_DATA EXCERPT_
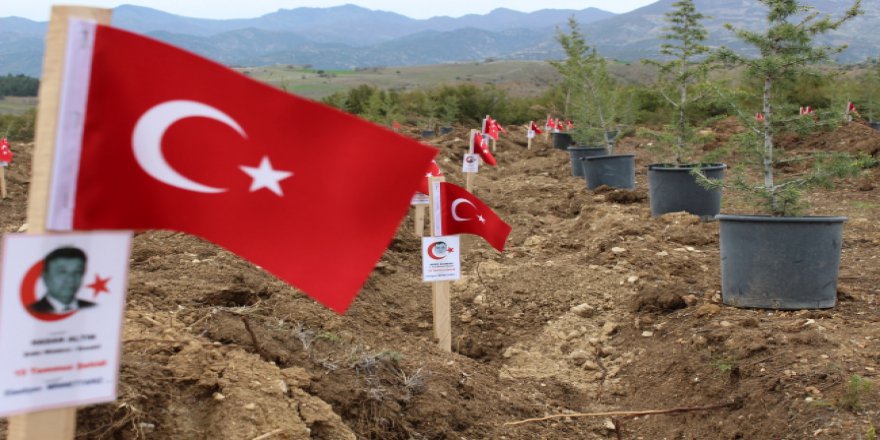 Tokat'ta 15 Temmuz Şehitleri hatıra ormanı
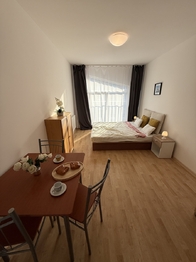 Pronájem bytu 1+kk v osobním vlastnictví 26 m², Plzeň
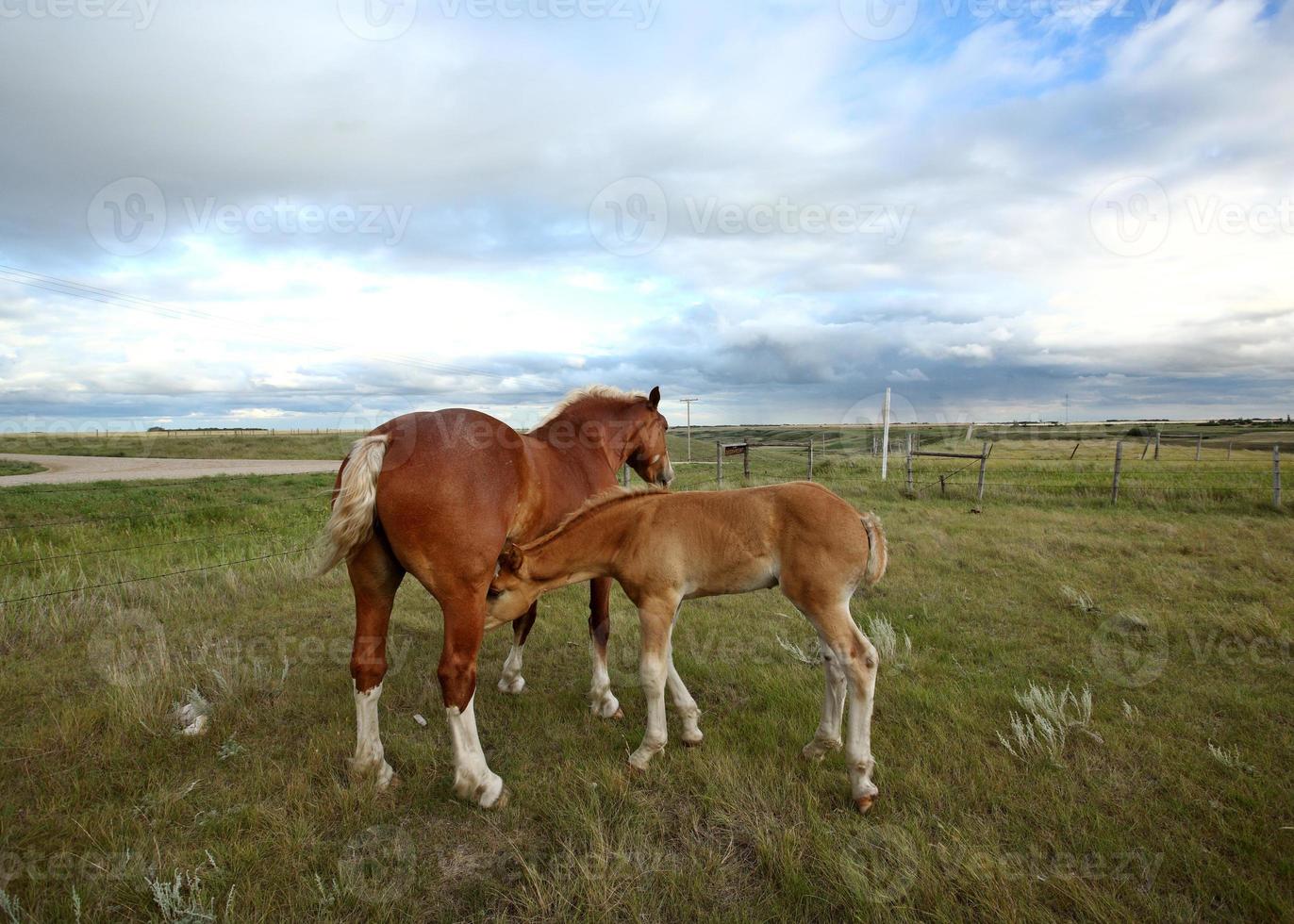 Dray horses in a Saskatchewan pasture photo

_YOUR TASK_
Find the line containing "Pronájem bytu 1+kk" and copy it and each line after it through the end of the material, exactly, with no pictures.

_TASK OUTPUT_
 Pronájem bytu 1+kk v osobním vlastnictví 26 m², Plzeň
 Dray horses in a Saskatchewan pasture photo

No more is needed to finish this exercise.